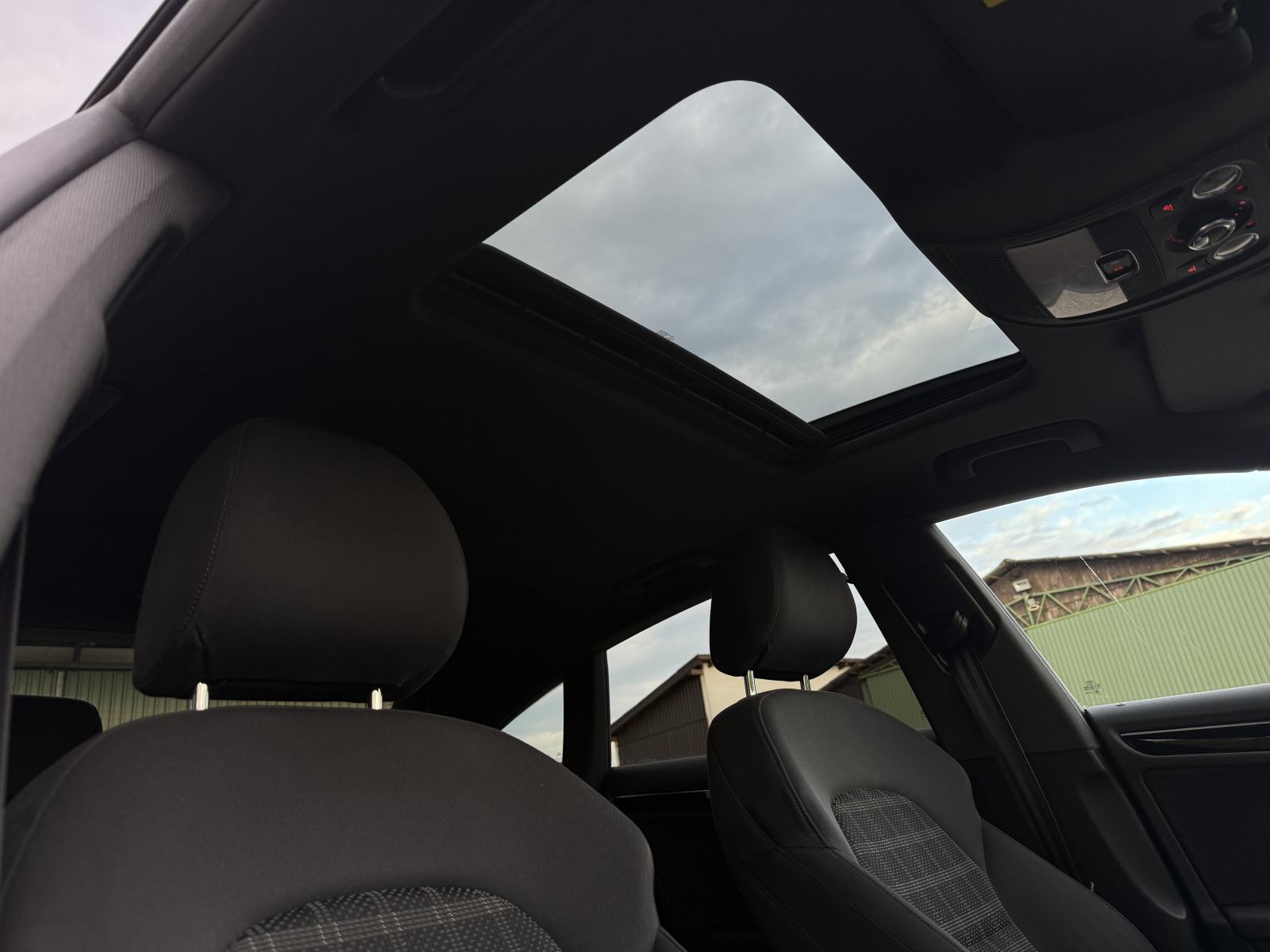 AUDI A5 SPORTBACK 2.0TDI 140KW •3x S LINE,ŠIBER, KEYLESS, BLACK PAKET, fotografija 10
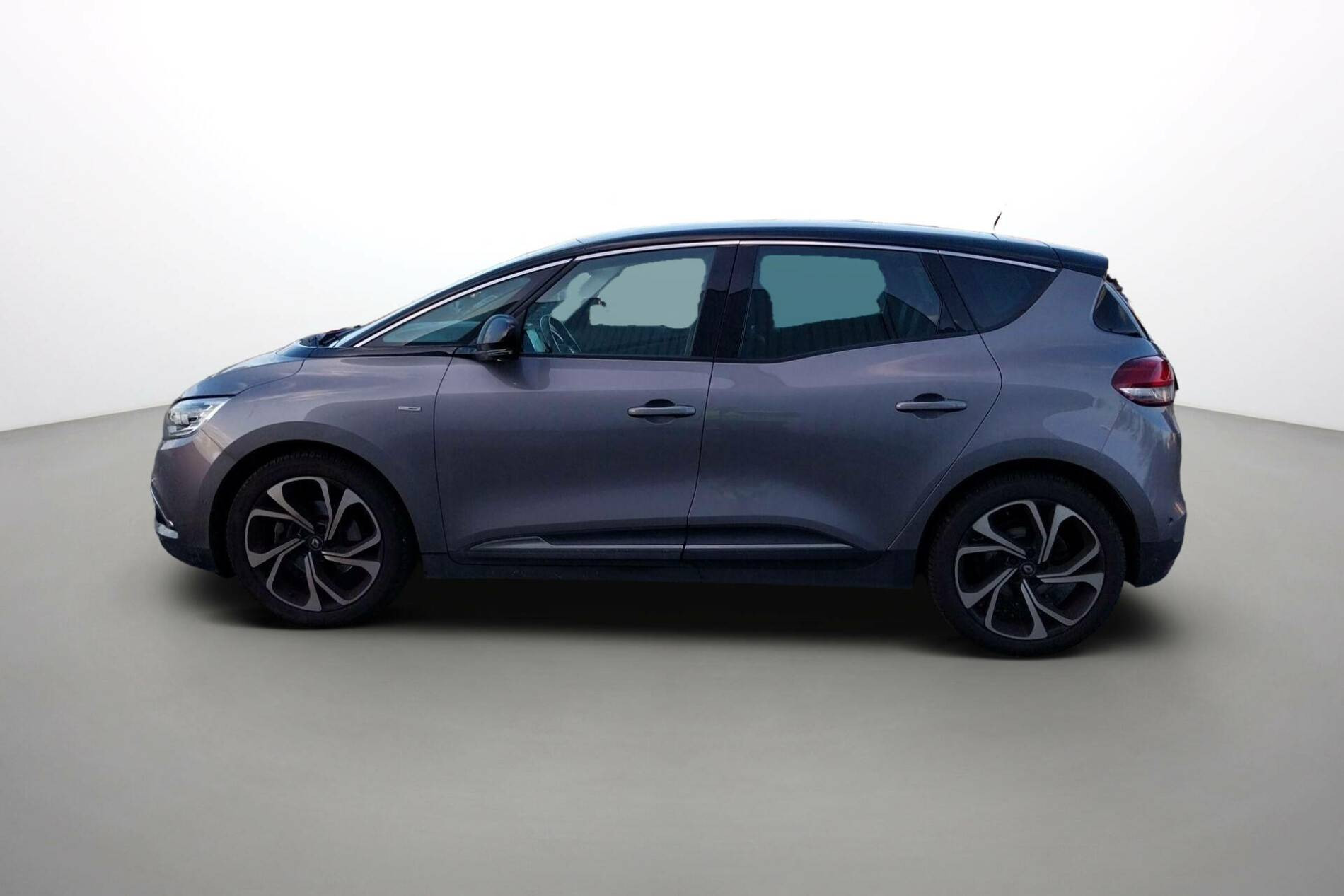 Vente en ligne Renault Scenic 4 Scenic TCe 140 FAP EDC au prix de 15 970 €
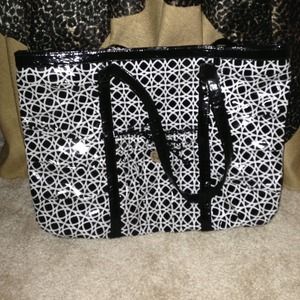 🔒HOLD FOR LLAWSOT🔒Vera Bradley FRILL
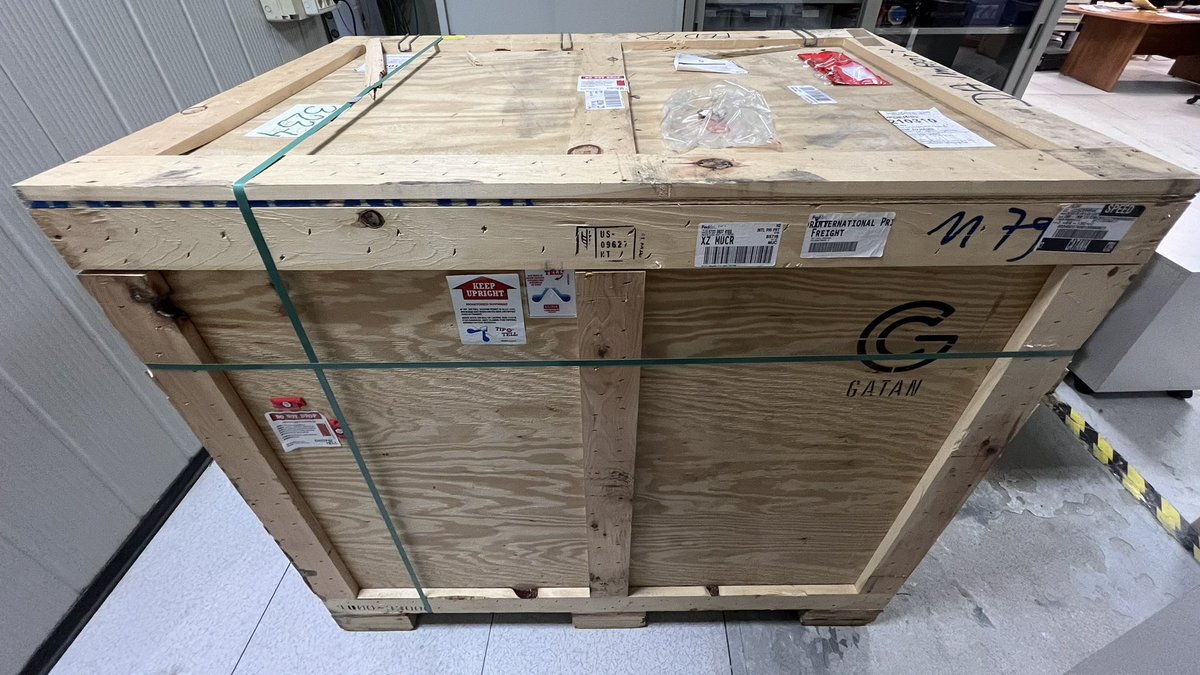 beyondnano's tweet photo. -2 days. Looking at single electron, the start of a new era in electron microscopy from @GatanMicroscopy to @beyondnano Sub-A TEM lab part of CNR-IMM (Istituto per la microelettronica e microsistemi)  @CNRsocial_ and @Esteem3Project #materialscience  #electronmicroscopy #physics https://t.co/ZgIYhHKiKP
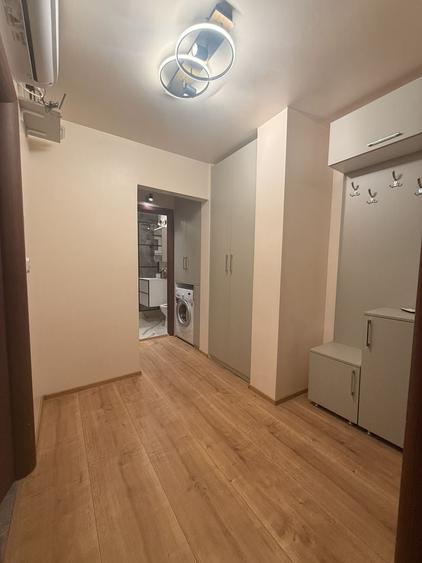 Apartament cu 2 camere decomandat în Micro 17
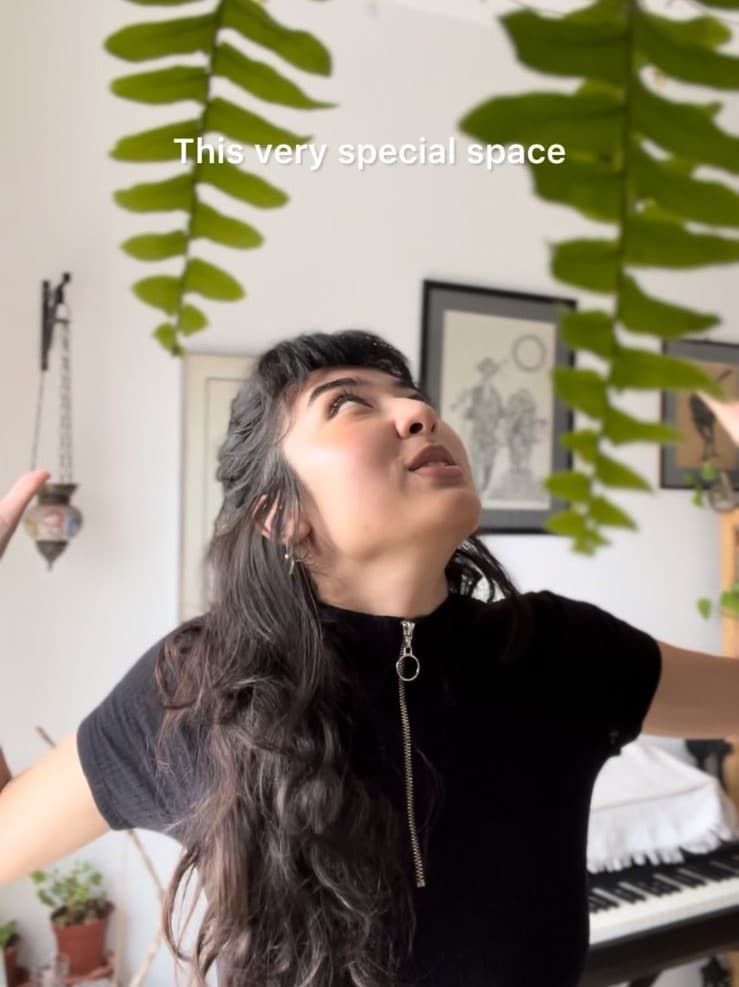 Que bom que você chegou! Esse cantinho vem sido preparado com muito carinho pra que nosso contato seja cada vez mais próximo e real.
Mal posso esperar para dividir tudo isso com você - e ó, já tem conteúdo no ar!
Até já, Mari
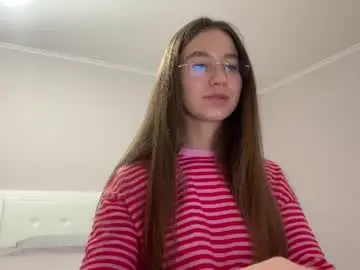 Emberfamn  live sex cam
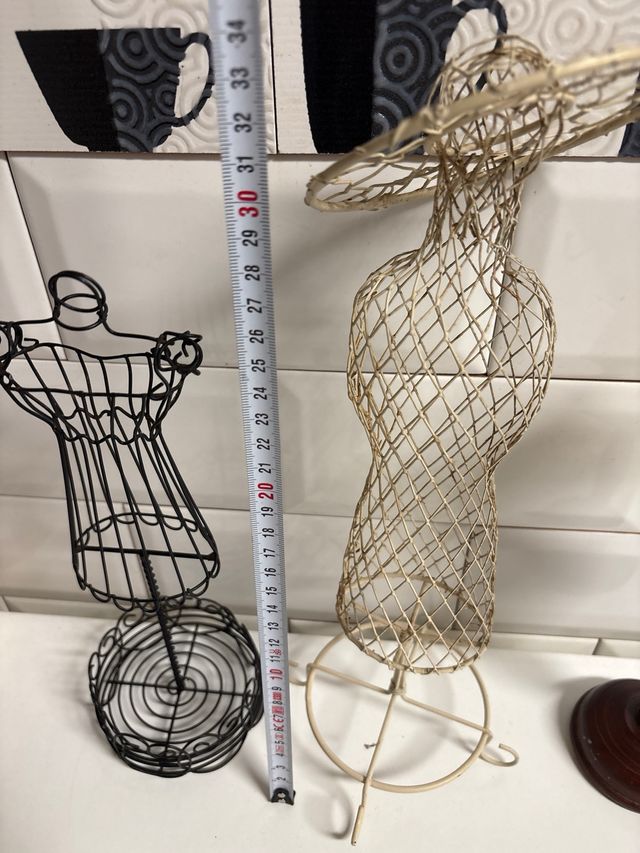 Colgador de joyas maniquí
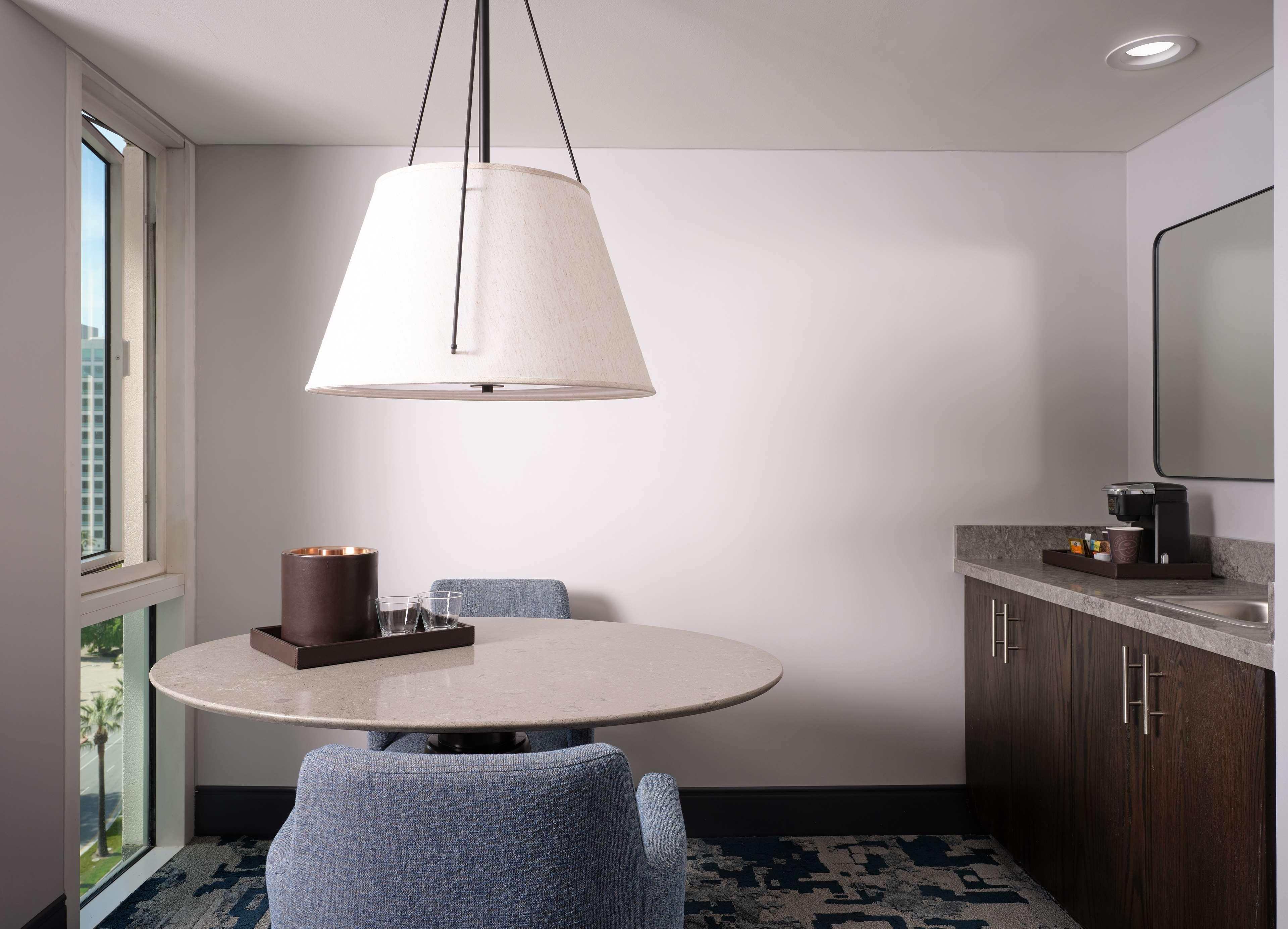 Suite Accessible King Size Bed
══════
• _WHAT THE EXERCISE ASKS_
Reproduce exactly the lines from the one containing "Vente en ligne" through the last line of the records, both included, leaving out every picture.

• _ANSWER BELOW_
 Vente en ligne Renault Scenic 4 Scenic TCe 140 FAP EDC au prix de 15 970 €
 🔒HOLD FOR LLAWSOT🔒Vera Bradley FRILL
 beyondnano's tweet photo. -2 days. Looking at single electron, the start of a new era in electron microscopy from @GatanMicroscopy to @beyondnano Sub-A TEM lab part of CNR-IMM (Istituto per la microelettronica e microsistemi)  @CNRsocial_ and @Esteem3Project #materialscience  #electronmicroscopy #physics https://t.co/ZgIYhHKiKP
 Apartament cu 2 camere decomandat în Micro 17
 Que bom que você chegou! Esse cantinho vem sido preparado com muito carinho pra que nosso contato seja cada vez mais próximo e real.
Mal posso esperar para dividir tudo isso com você - e ó, já tem conteúdo no ar!
Até já, Mari
 Emberfamn  live sex cam
 Colgador de joyas maniquí
 Suite Accessible King Size Bed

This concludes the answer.